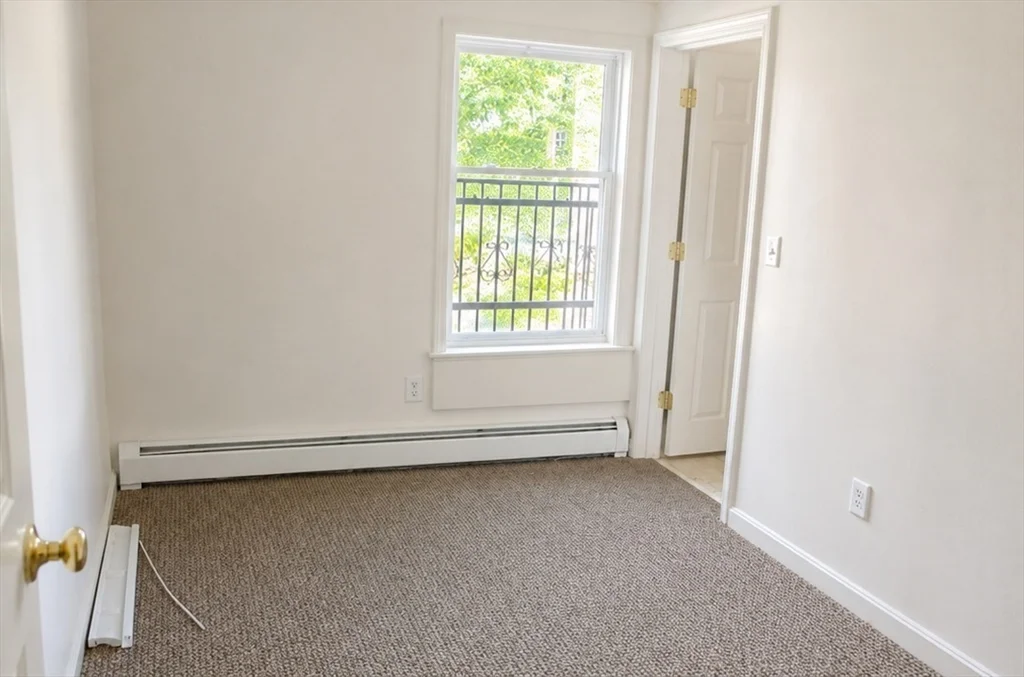 2 bed, 1 bath apartment for rent at 215 Walnut St Unit 11, New Bedford — photo 4 of 6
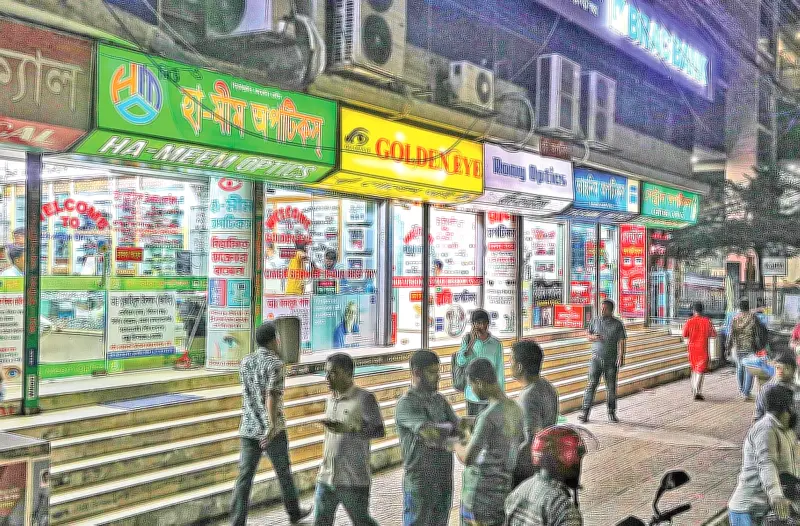 জ্বালানি সংকটে রাজধানীর দোকানপাট সন্ধ্যায় বন্ধ, বিক্রি অর্ধেকে নেমেছে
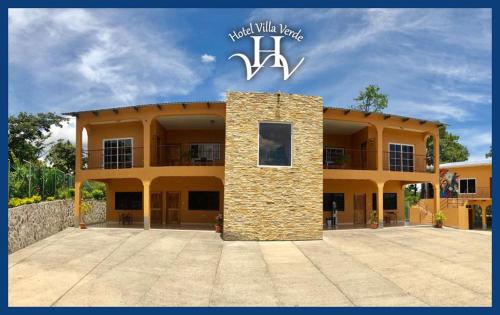 . Hotel Villa Verde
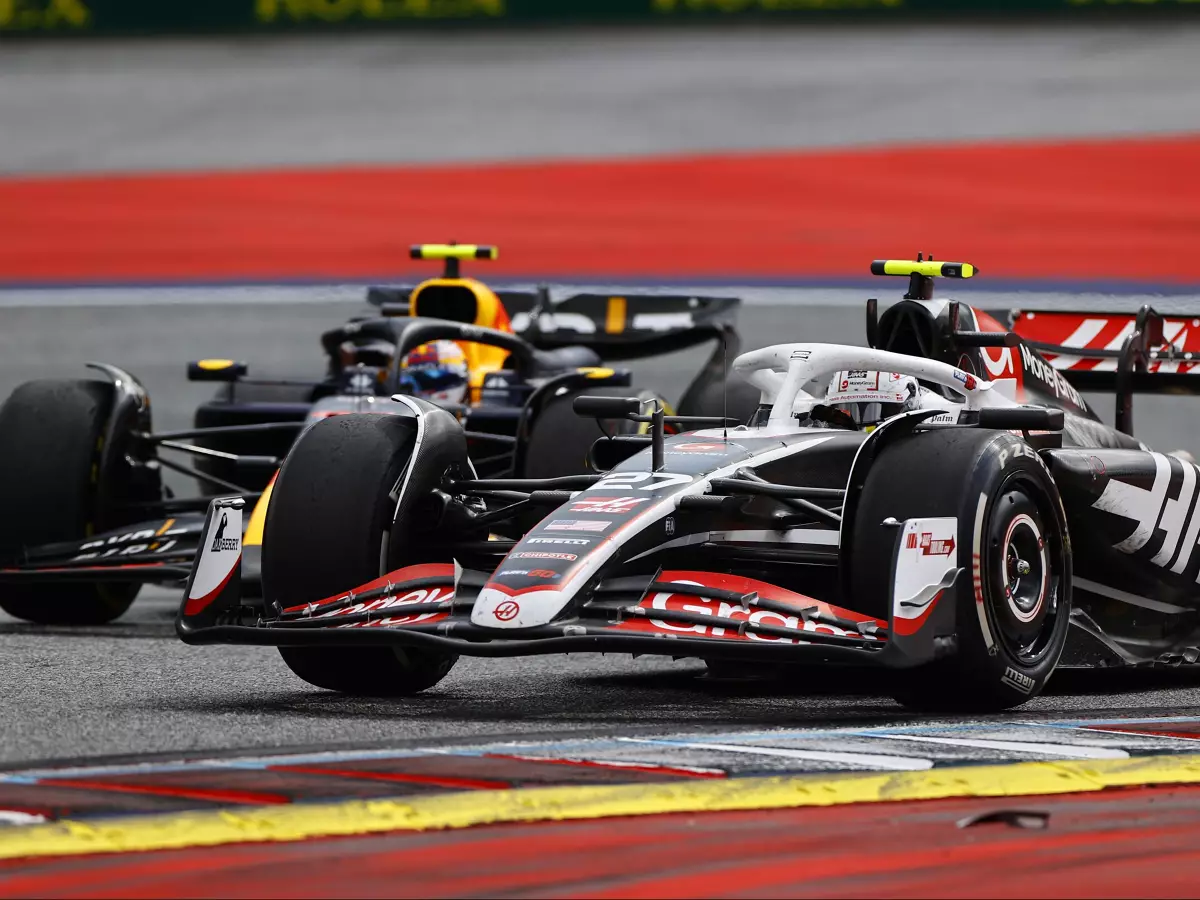 Nico Hülkenberg, Sergio Perez Foto zur News: P1 in Österreich: Nico Hülkenberg jetzt viertbester Fahrer der Saison!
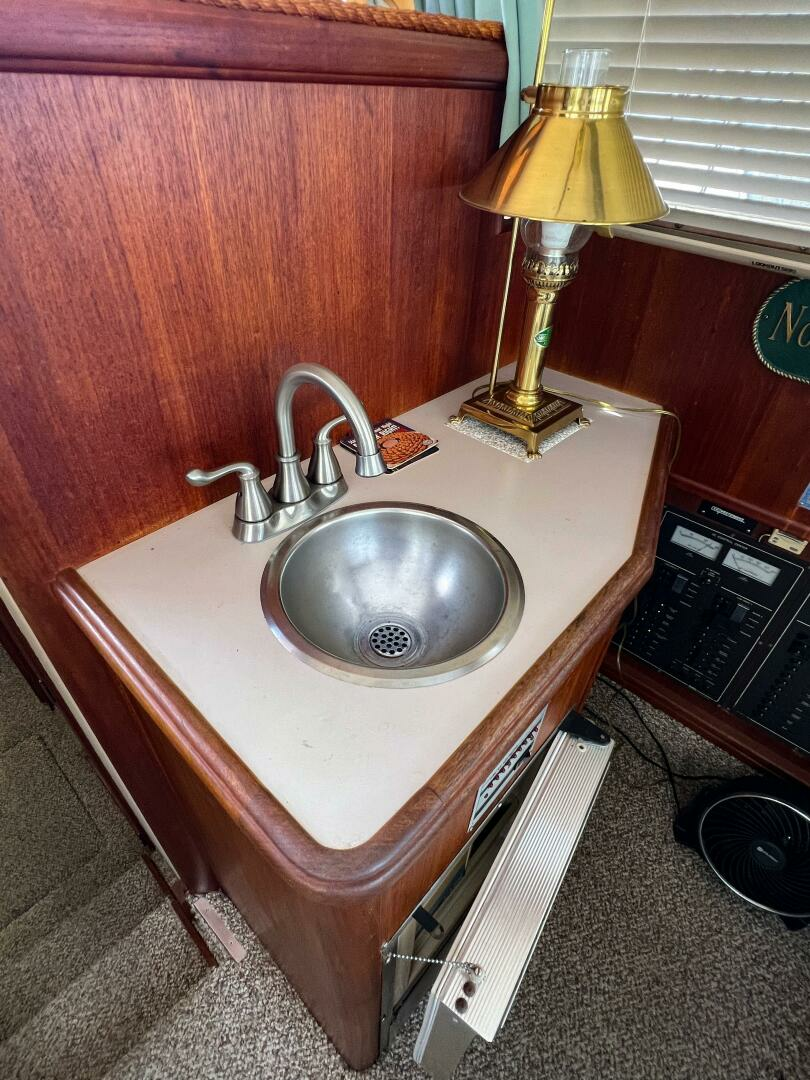 1987 Tollycraft 34 Sedan Sport - Image 31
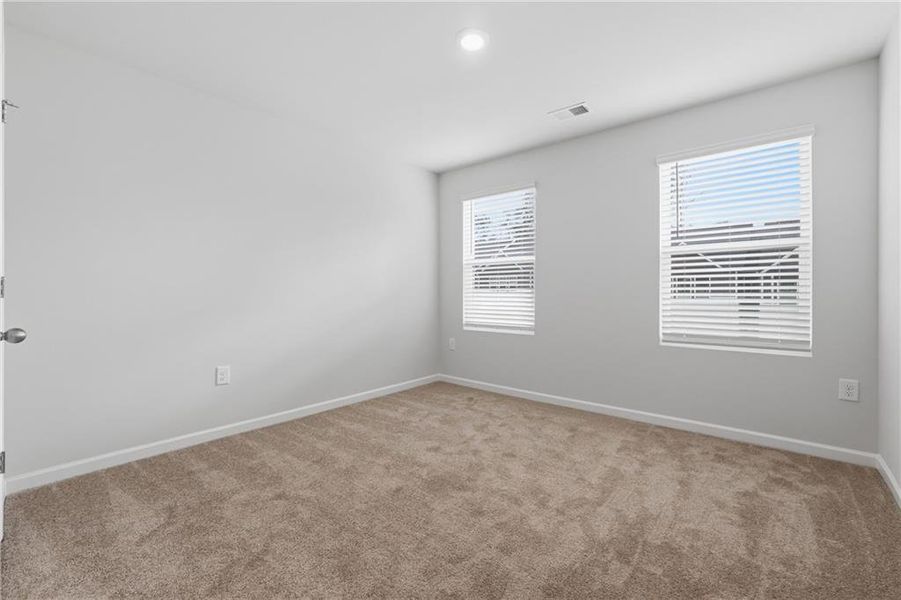 Spacious, unfurnished interior of a new home in Concord Oaks, Powder Springs (Image 16). Spacious, unfurnished interior of a new home in Concord Oaks, Powder Springs (Image 16).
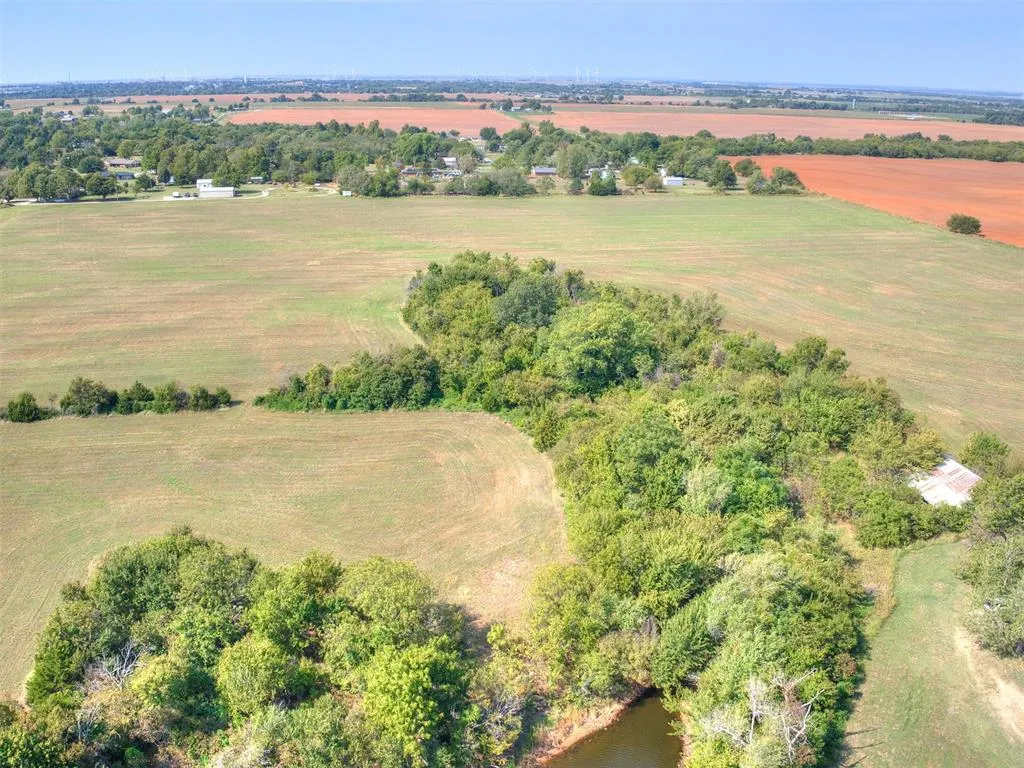 Photo 17 — 215 N Cemetery Road, Tuttle, OK 73089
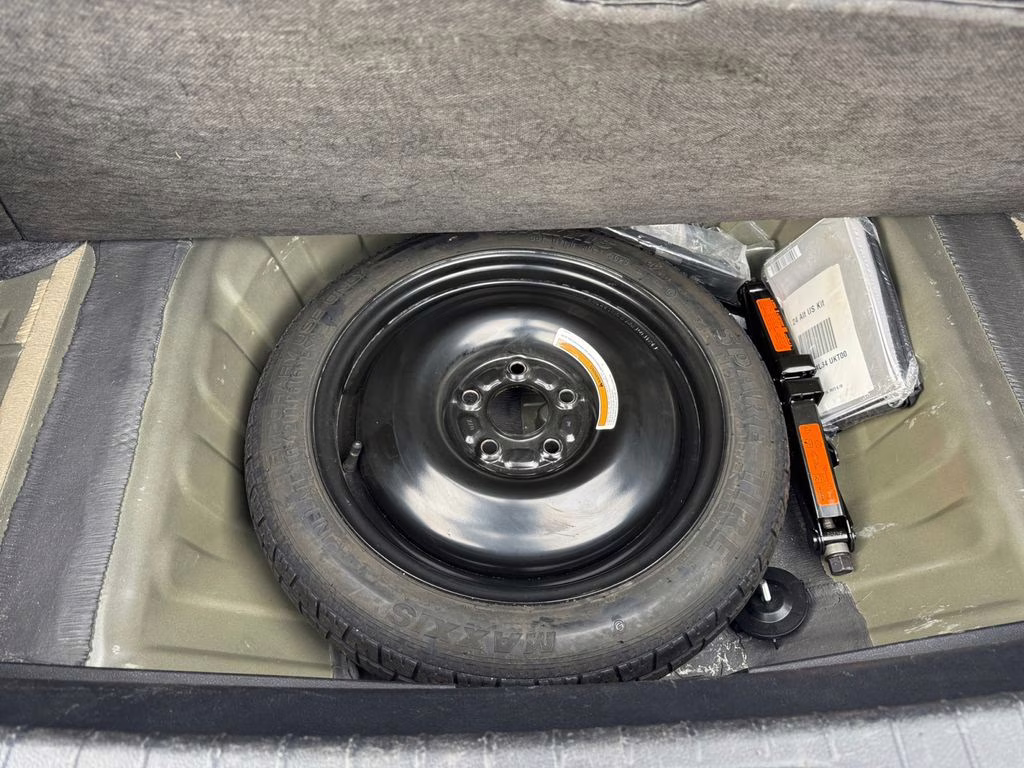 2024 Gun Metallic Nissan Altima 2.5 SV FWD Sedan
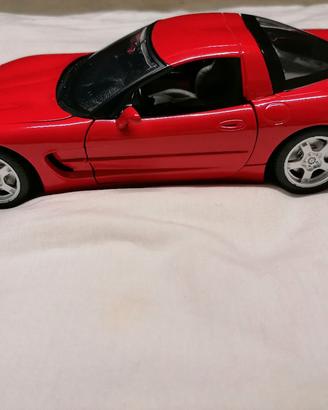 Burago 1:18 Chevrolet Corvette no Maisto Hotwheels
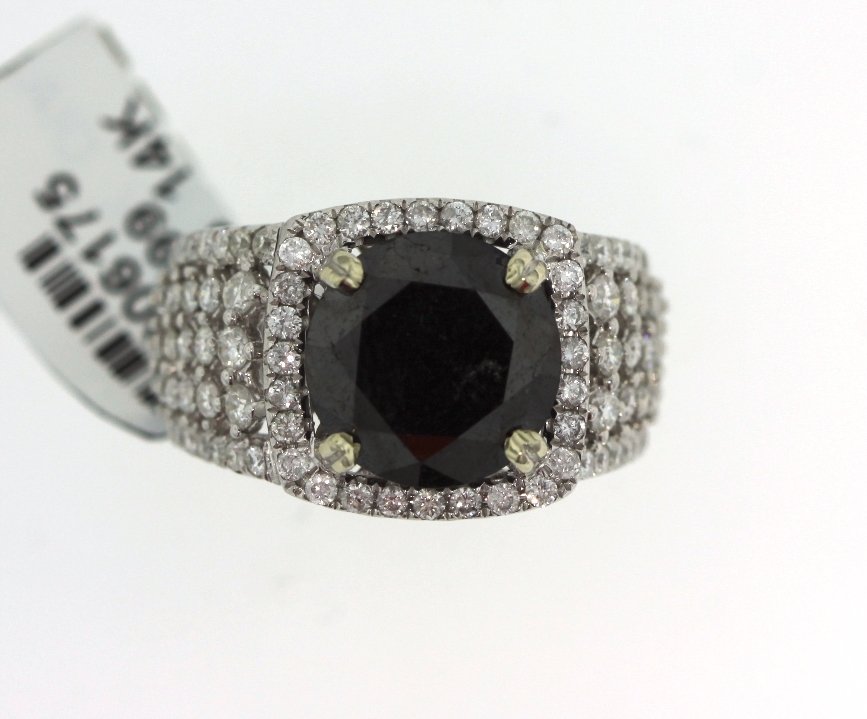 14KT White Gold 7.18ct Black & White Diamond Ring RM526: 14KT White Gold 7.18ct Black & White Diamond Ring RM526. Excellent Condition! JF361UP. One electronically tested 14KT white gold ladies cast black & white diamond ring with a bright polish finish. Con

**PROMPT**
Line for line, output the entries above from the line with "Photo 17 — 215" to the line with "Burago 1:18 Chevrolet", both included, and nothing more. Skip pictures.

**SOLUTION BELOW**
 Photo 17 — 215 N Cemetery Road, Tuttle, OK 73089
 2024 Gun Metallic Nissan Altima 2.5 SV FWD Sedan
 Burago 1:18 Chevrolet Corvette no Maisto Hotwheels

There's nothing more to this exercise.